Today, Lautaro is revered among Mapuche and non-Mapuche Chileans for his resistance against foreign conquest, servitude and cruelty.
Lautaro was the son of a Mapuche lonko (a chief who holds office during peacetime) called, Curiñancu (Kurüñamku in the Mapuche language, Mapudungun, ‘aguilucho negro’ meaning ‘black harrier’) and was born in 1533. He lived a normal life until, at the age of 11, he was captured by the Spanish and forced into servitude by Don Pedro de Valdivia and became his personal servant. Since it was difficult for the Spaniards to pronounce Lautaro’s original name, Leftraru, they gave him the name of Felipe Lautaro. Don Pedro de Valdivia was a Spanish conqueror of Chile and then became the captain general of Chile.
Lautaro learned the military ways and skills of the Spaniards' army by observation. He was witness to atrocities committed by the Spanish on captive Mapuche warriors. According to several historians, in the immediate vicinity of what is now the city of Concepción, Chile, Pedro de Valdivia ordered his men to cut off the feet and hands of every Mapuche in Curiñancu's tribe, for resisting Spanish colonization, among them Curiñancu and his wife, Lautaro’s parents, in order to teach the Mapuche a lesson. It is said that because of Valdivia’s command to cut off the toes of the Mapuche warriors, the Spanish soldiers named the place “El Valle de La Mocha”, whose name has been maintained over time. A great hatred of the Spanish and particularly of Pedro de Valdivia was born in the young Lautaro because of this incident. After his capture they made him a Yanakuna, meaning a “black slave” in Quechua. He remained a prisoner of the Spanish for three years. Because he kept his personal hatred of Valdivia hidden, Lautaro soon became his personal page. Among his daily tasks as a page, he was in charge of taking care of Valdivia’s horses and always accompanying them into battle and military exercises. This is how he learned not to fear horses and even become a good rider himself.
During this period he had a certain level of friendship with one of Valdivia’s principal captains by the name of Marcos Veas, who taught Lautaro how to use different kinds of weapons and cavalry tactics. This was a typical practice because as a yanakuna Lautaro was responsible to serve as an indigenous assistant during battles.

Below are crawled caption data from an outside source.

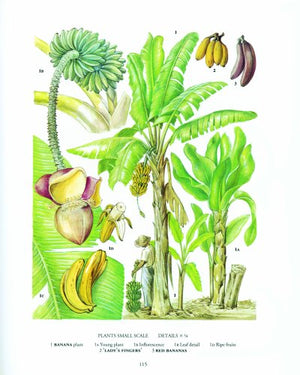 The New Oxford Book Of Food Plants,Used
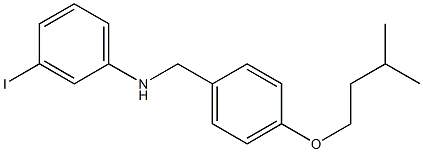 3-iodo-N-{[4-(3-methylbutoxy)phenyl]methyl}aniline 구조식 이미지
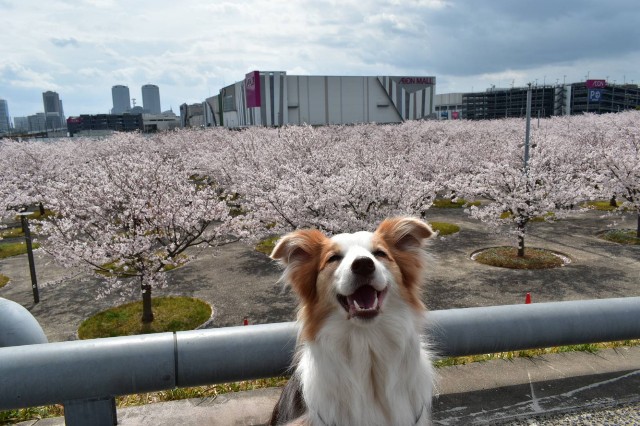 f:id:gussan-belle:20210328183523j:image f:id:gussan-belle:20210328183523j:image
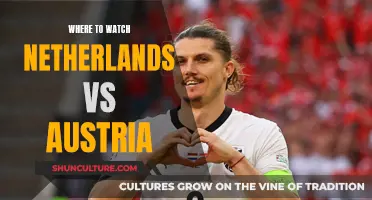 Netherlands vs. Austria: Where to Watch the Match Live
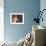 Shiba Inu Profile-Adriano Bacchella-Framed Photographic Print displayed on a wall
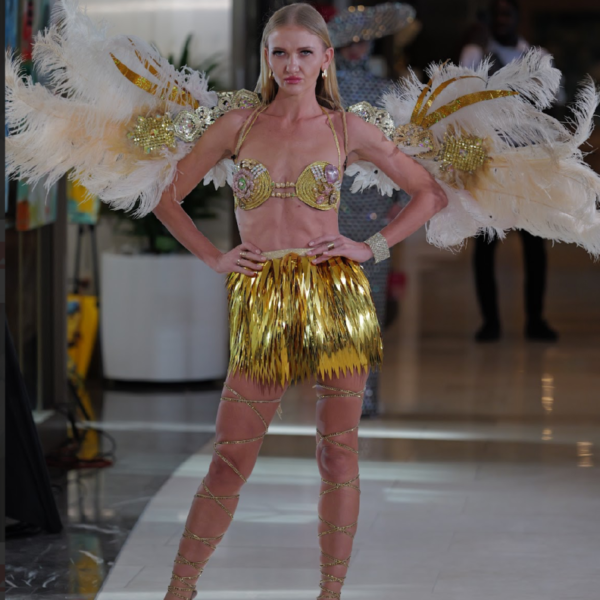 Golden Celestial Wings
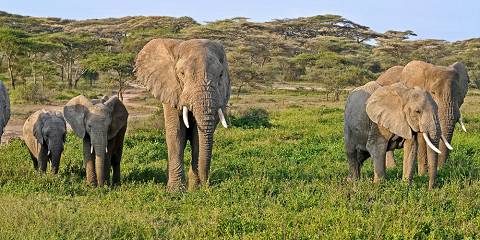 Safari Haven Tarangire Camp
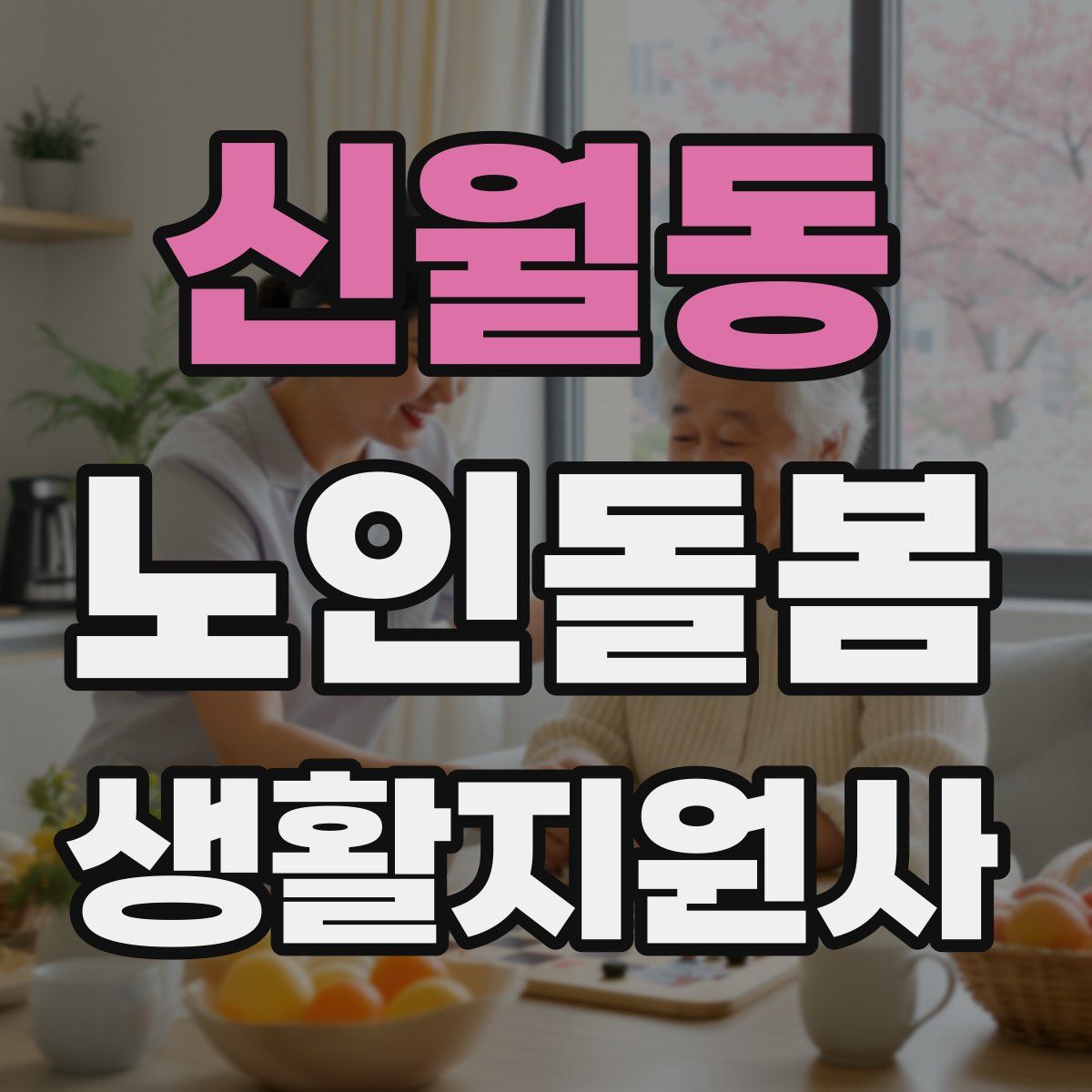 신월동 노인돌봄생활지원사 자격증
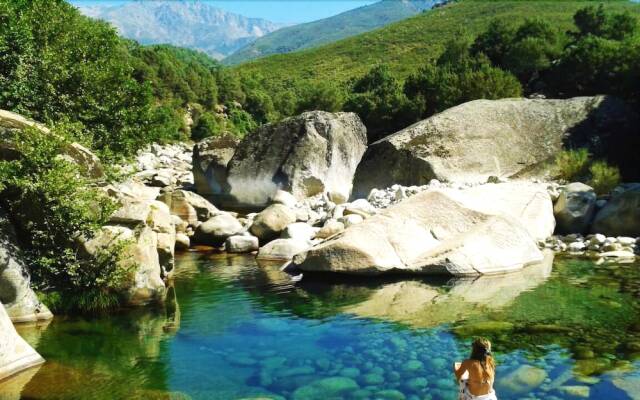 Complejo Camping La Mata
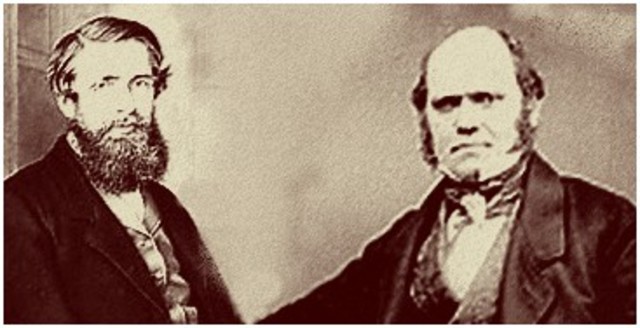 Darwin and Wallace present their theories on evolution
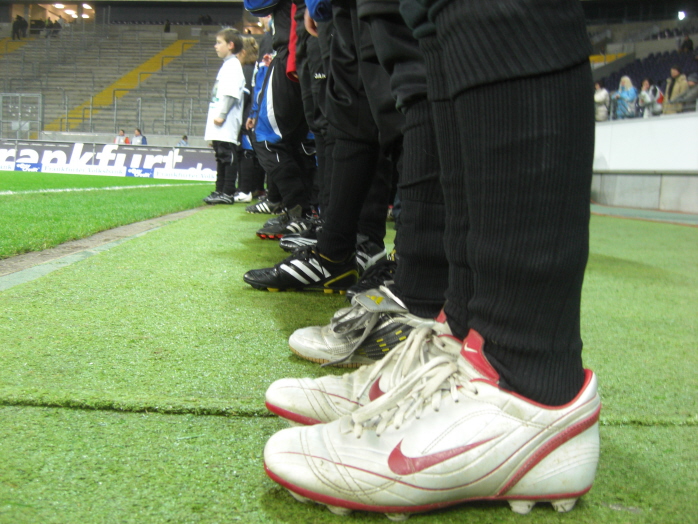 fsv_pauli_019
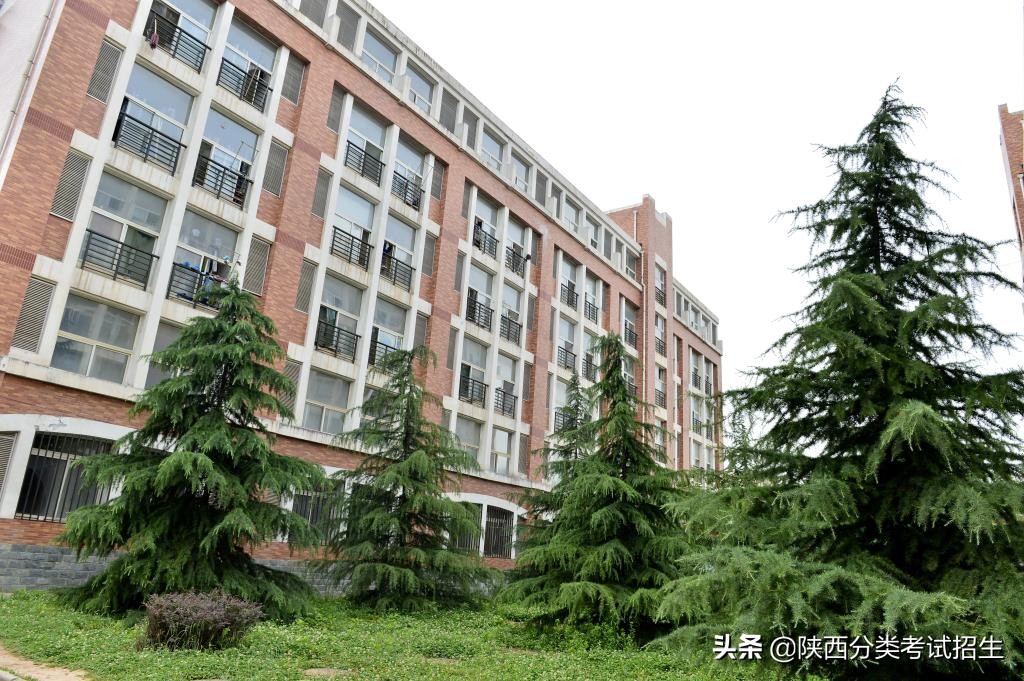 陕西艺术职业学院2020年分类考试招生章程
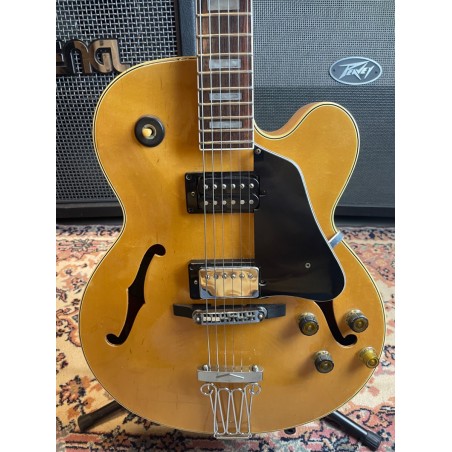 Ibanez FG100 Natural (USATO)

According to the Chilean novelist Isabel Allende in her historical novel, Inés del Alma Mía, the boy Lautaro had deliberately allowed himself to be captured by the Spanish in order to learn their secrets, and made no attempt to escape until he felt he had learned enough. In any case, he fled twice, first in 1550 and for good in 1552. In 1553 (the year Lautaro turned 19), the Mapuches convened to decide how to respond to the Spanish invasion. The convention decided upon war. The toqui Caupolicán chose Lautaro as vice toqui because he had served as a page in the Spanish cavalry, and thereby possessed knowledge of how to defeat the mounted conquistadors. Lautaro introduced use of horses to the Mapuche and designed better combat tactics. He organized a large, cohesive army—a military formation unfamiliar to the Mapuche.
Battle of Tucapel
With 6,000 warriors under his command, Lautaro attacked Fort Tucapel. The Spanish garrison couldn't withstand the assault and retreated to Purén. Lautaro seized the fort, sure that the Spaniards would attempt to retake it. That is exactly what Governor Valdivia tried to do with a reduced force, which was quickly surrounded and massacred by the Mapuches on Christmas Day, 1553. The Battle of Tucapel would be Pedro de Valdivia's last, as he was captured and then killed.
After the defeat at Tucapel, the Spanish hastily reorganized their forces, reinforcing the defenses of Fort Imperial and abandoning the settlements of Confines and Arauco in order to strengthen Concepción. However, Mapuche tradition dictated a lengthy victory celebration, which kept Lautaro from realizing his desire to pursue the military advantage he had just gained. It was only in February 1554 that he succeeded in putting together an army of 8,000 men, just in time to confront a punitive expedition under the command of Francisco de Villagra.
Battle of Marihueñu
Lautaro chose the hill of Marihueñu to fight the Spanish. He organized his forces in four divisions: two charged with containing and wearing down the enemy, a third held in reserve to launch a fresh attack as the Spanish were about to crumble, and the last charged with cutting off their retreat. Additionally, a small group was sent to destroy the reed bridge the Spanish had erected across the Bío-Bío River, which would further disrupt any attempted retreat of Villagra.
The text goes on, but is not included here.